2. If receivables are balanced by bill of exchange or cheque the retentive ownership remains as long as Rein on their part is still in liability of bill of exchange or cheque. The customer is authorised to resell the retentively owned goods only under retention of title on his part and only within the limits of a duly business. The customer is not authorised to dispose of the goods in an other way, in particular not by pledging or by chattel mortgage. The customer already now assigns his claims on the resell of the retentively owned goods to Rein, who accepts this assignation. Rein authorises the customer until cancelled to collect the assigned claims on the customer’s account and on his own behalf. This authorisation can only be cancelled if the customer does not fulfil his payment obligations duly. The customer must hold in trust for Rein under separate deposit and accounting all amounts which are received by this collection authorisation of retentively owned goods of Rein. If the retentively owned goods are resold by the customer together with other goods the agreed assignation is only valid amounting to the value (invoice value) of the retentively owned goods. If any third party should access to the retentively owned goods, in particular for enforcement measures, the customer will point out the retentive ownership and will inform Rein without delay telephonically and in written form with indication of name and address of the judgement creditor or any other third party. Costs of possible interventions by Rein against judgement creditors or any other third parties accessing the retentively owned goods will be charged to the customer.

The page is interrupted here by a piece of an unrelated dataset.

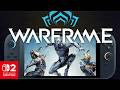 Warframe NEW 60FPS Nintendo Switch 2 Edition Performance: Handheld/Docked Gameplay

3. In the case of breach of the contractual duties by the customer, in particular by delayed payment, Rein is authorised to withdraw from the contract and to take back the retentively owned goods, if an adequate time limit was set for the customer and if this time limit is expired; the customer is committed for restitution of the retentively owned goods. The legal regulations about a dispensability of time limits remains unaffected.

4. A possible treatment or processing of the retentively owned goods is always performed for Rein as manufacturer according to § 950 BGB, without committing Rein legally by this. In case of processing, assembly, blending, or mixing of the retentively owned goods with other goods or entireties of goods Rein receives a value proportional (co-)ownership of the new goods or entireties of goods, based on the invoice value. If the customer initially is the sole-owner of the new goods or entireties of goods he grants Rein a value proportional co-ownership on it and stores it for Rein free of charge. In case of resale of the new goods or entireties of goods the pre-assignation according to § 7 passage 2 remains valid amounting to the value of the retentively owned goods including the claims of the customer resulting from the resale. The customer is committed to insure the retentively owned goods adequately against all usual risks. Furthermore the customer must handle the retentively owned goods carefully and gently, store them separately and mark them accordingly on demand of Rein. Contractual claims of the customer, particularly insurance contractual or tortious claims resulting from a damage, destruction or loss of the retentively owned goods are now already assigned to Rein amounting the value of the retentively owned goods (invoice value). At the same time Rein accepts the assignation.

§ 8 Warranty for Defects

1. Rein as seller of goods which are purchased from third parties and resold unalteredly to the customer is not responsible for defects of these goods. The responsibility of Rein for intent or negligence remains unaffected. Rein does not assume a guarantee for a certain condition or durability of the goods according to § 443 BGB without an explicit individual contractual agreement. With this proviso Rein is liable for defects accounted by Rein as follows:

a) Rein delivers the goods in the design and condition which is usual at the delivery date. A liability for the usability of the delivered goods for a certain purpose is excluded. This is also effective if Rein advised on possible uses of the goods during the contract initiation. A warranty for defects is in addition excluded if the delivered goods are only imperfect to a percentage according to customs and usage of suchlike products. Warranty and/or guarantee statements of the manufacturer of the delivered product which Rein possibly discloses on her delivery notes, order confirmations, invoices etc. are noncommittal for Rein towards the customer. Possible warranty claims of Rein towards the manufacturer of the delivered product are assigned to the customer by delivering the product. The customer accepts the assignation by the effective receipt of the product. Advanced claims between Rein and the customer in the context of a possibly disclosed manufacturer warranty are not existing, even if Rein for goodwill purposes in individual cases assumes the logistic handling of a warranty case, in particular the forwarding of a product to the manufacturer for examination purposes.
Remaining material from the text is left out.